Illinois's pension plans have an unfunded liability estimated at over 60%, the documents show. Governor Pat Quinn disclosed the potential need for a federal guarantee of pension debt in his $35.3bn general-fund budget on February 16, without going into specifics.

Significant long-term improvements will come only from additional pension reforms, refinancing the liability and seeking a federal guarantee of the debt,” the document said.

So as Congress discusses austerity, the Democratic governor of Illinois is banking on Obama to push through a bailout at your expense. Sure, they'll argue it isn't really a bailout — it's a “guarantee” — effectively another way of saying “bailout.” It will be a tough sell in Congress, but Obama has already proven that he doesn't need Congress to do bailouts. (I wonder whether Illinois could fall under TARP's definition of a “financial institution?”)

The other option that Gov. Quinn mentions, to have Illinois raise its annual pension contributions, is unrealistic.
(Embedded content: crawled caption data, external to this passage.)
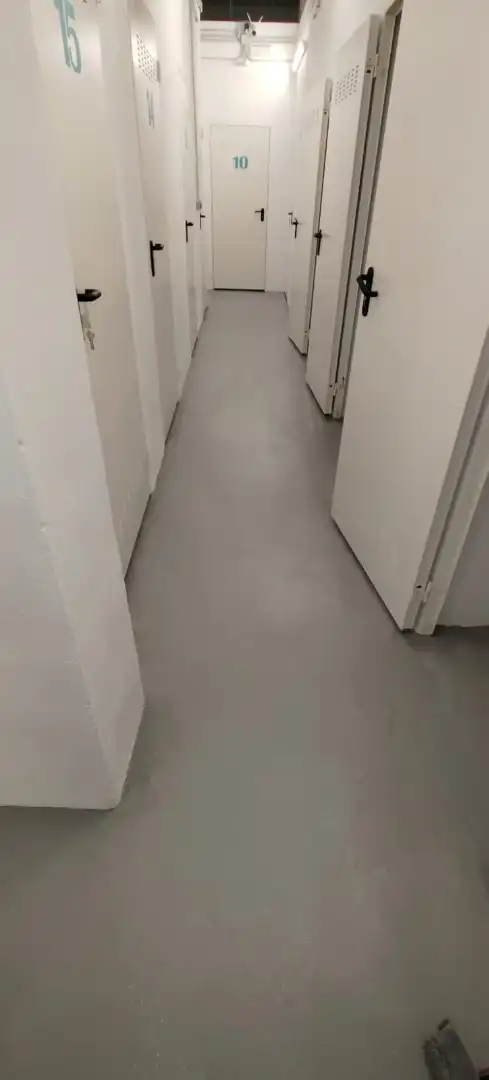 Storage room for sale in Valencia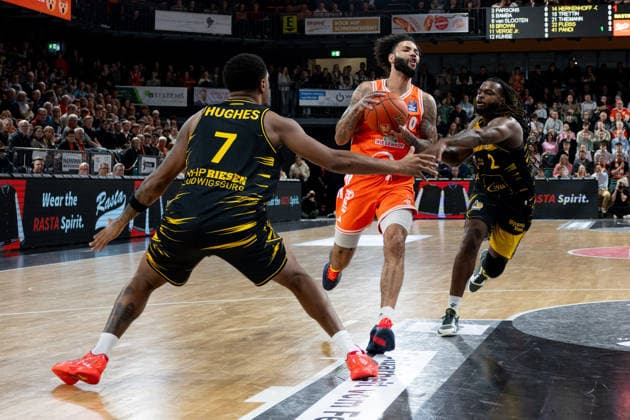 GER, Basketball, easy Credit- BBL, Rasta Vechta vs MHP Riesen Ludwigsburg 14.03.2026, Rasta Dome, Vechta, GER, easy Credit-BBL, Rasta Vechta vs MHP Riesen Ludwigsburg , im Bild Tevin BROWN( Rasta Vechta 10 ) Elijah HUGHES ( MHP Riesen Ludwigsburg 7 ) Tray BUCHANAN ( MHP Riesen Ludwigsburg 2 )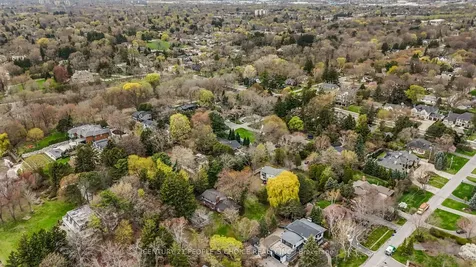 167 Blue Water Place Burlington ON L7L 2J3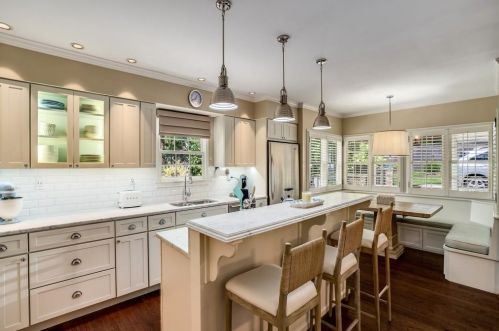 2505 Forrest Way, Atlanta GA  30305-3716 exterior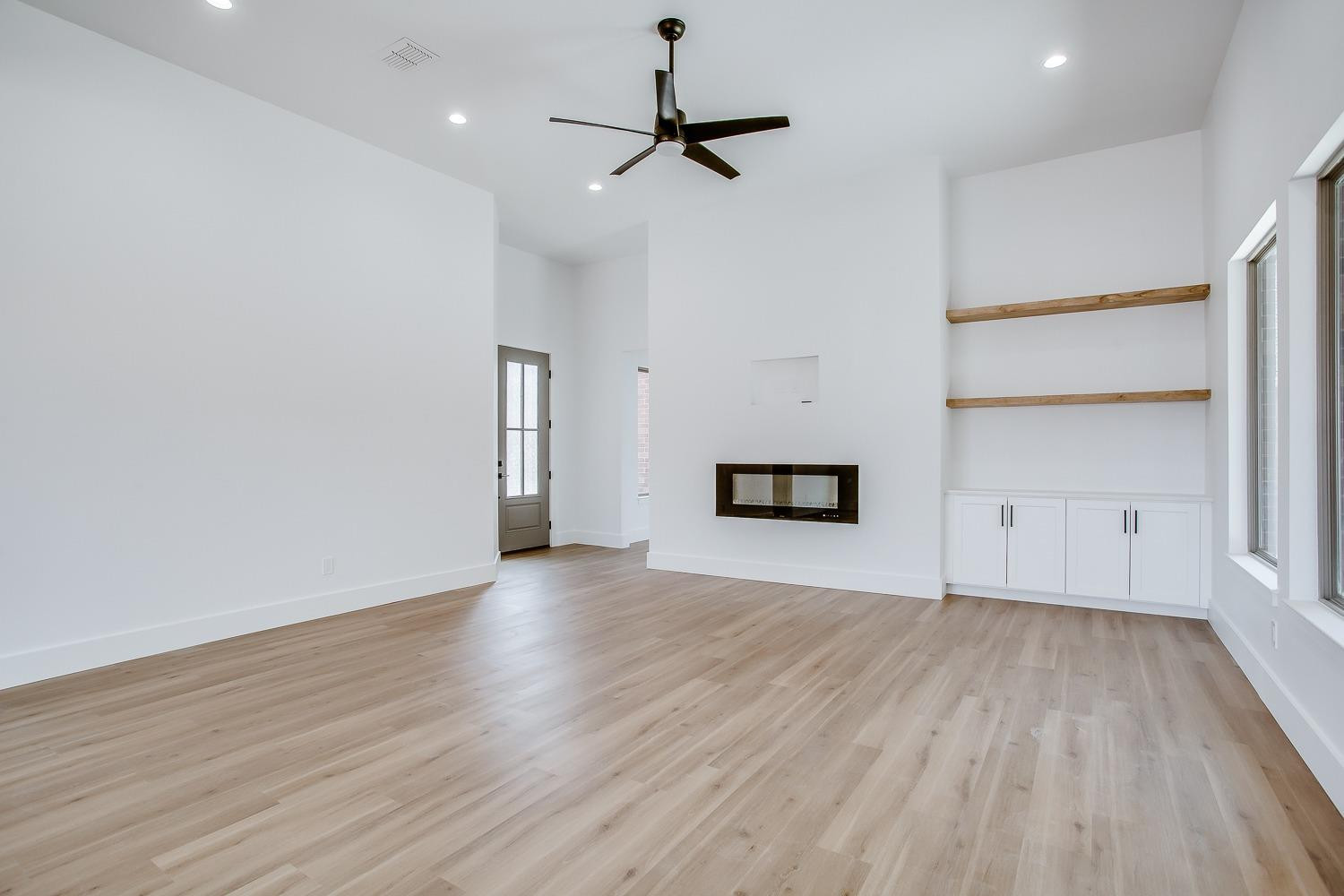 402 Troy Avenue Lubbock, TX 79416 - Photo 2 of 22 Photo 2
Illinois is already a deadbeat state that fails to pay its vendors, and Democrats there just raised taxes in a midnight vote (literally) during its legislative lameduck session. They've already fired all the bullets in their gun, and it will only get worse as businesses flee to neighboring Wisconsin and Indiana.

If Congress does create a state bankruptcy process, Illinois, Land of Obama, may be first in line.